When you have a toothache it is very difficult to say to yourself, “Well, at least I have teeth.” You are just in too much pain. Similarly when you lose a loved one, someone saying to you, “Well you had him as a husband for over 50 years” does not remove the pain or heartache and seems less than compassionate.

Platitudes are personally insulting, and unless you’ve been there you can’t say, “I understand” or “time will heal” or “he’s in a better place.” You don’t understand and time will not heal—at least not for many of us. You may not grieve as you once did, but you will mourn your lost love the rest of your life, and you will still be saying to yourself, “His best place was beside me.”

Maybe the better thing to say to the widow, with honesty, is that you are sorry and that you will always remember your loved one with affection or “you will be in my daily prayers.”

I wish I had known these things years ago. You are taught so many things as life goes on—schooling, business, marriage, but seldom does the etiquette regarding death ever surface.

And I guess there is no right way to deal with it. As a widow my heart has ached for anyone in a similar situation. For some I can reach out and give a hug, share a tear or just listen to the heartbreak … for others there is a wall that is impossible to pass through. A very polite wall but one you see right away; it has no door for intruders to walk through.

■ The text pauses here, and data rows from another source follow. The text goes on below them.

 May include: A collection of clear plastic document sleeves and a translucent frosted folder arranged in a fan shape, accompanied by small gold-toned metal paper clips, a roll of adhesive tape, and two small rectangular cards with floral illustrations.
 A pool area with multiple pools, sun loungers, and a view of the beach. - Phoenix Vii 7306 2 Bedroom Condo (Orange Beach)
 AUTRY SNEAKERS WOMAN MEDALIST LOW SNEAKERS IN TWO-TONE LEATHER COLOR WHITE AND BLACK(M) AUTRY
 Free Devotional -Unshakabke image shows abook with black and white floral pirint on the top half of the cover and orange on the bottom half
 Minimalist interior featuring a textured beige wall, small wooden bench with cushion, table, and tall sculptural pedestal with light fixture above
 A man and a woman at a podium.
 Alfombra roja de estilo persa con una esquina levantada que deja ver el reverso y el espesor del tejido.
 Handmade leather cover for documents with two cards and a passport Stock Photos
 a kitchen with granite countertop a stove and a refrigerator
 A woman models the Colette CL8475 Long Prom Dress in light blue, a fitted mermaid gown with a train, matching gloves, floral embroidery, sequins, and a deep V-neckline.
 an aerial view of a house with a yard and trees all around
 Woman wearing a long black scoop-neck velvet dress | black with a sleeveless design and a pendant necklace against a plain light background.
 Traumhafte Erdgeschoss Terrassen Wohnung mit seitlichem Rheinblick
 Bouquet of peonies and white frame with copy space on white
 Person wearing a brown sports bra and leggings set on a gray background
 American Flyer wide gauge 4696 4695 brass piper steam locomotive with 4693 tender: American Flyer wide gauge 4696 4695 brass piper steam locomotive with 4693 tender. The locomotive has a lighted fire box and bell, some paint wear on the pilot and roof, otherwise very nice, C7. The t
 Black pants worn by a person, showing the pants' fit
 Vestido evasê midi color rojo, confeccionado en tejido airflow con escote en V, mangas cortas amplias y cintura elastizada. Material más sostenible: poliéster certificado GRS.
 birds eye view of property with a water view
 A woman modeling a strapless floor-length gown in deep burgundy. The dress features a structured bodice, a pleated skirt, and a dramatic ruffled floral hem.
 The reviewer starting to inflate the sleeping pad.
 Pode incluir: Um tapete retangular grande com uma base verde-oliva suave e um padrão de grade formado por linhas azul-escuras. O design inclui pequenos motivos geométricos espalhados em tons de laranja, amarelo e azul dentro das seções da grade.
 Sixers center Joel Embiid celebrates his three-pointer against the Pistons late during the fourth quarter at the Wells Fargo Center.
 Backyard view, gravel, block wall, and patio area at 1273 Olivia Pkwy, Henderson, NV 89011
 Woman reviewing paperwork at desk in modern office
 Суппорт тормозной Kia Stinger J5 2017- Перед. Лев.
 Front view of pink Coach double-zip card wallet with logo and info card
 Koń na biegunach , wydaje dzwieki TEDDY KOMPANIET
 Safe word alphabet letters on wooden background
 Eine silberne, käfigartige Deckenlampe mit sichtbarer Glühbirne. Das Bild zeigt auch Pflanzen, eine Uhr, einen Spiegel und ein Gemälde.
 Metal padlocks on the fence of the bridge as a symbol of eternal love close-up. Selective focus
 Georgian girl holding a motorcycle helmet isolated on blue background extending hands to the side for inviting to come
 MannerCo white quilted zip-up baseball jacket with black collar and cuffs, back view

Even your Christian friends react differently to the death of a spouse. You’re wise if you can read them early and save yourself from being hurt. Compassion unaccepted is not an easy thing to swallow. And some just need time—sometimes years to reach a final acceptance of the pain that resulted from the loss. Some are so busy filling in the empty spaces with things to do, they almost push you out of the picture. However, my suggestion for you is to just be there, for a day may come when they will need a hug so desperately. I spoke to one widow who didn’t come to grips with the finality of her loss until three years had passed.

If you are sitting on the side of those doing the counselling, do so with gentle sincerity, with genuine concern and without platitudes. Please.

And if you find yourself not knowing how to react to the loss of your loved one, don’t be worried— there are no rules regarding these things. Live it one day at a time, knowing with your whole heart that God knows exactly what pain you are in and God is carrying you and will only set you down when you have the strength again to stand on your own two feet.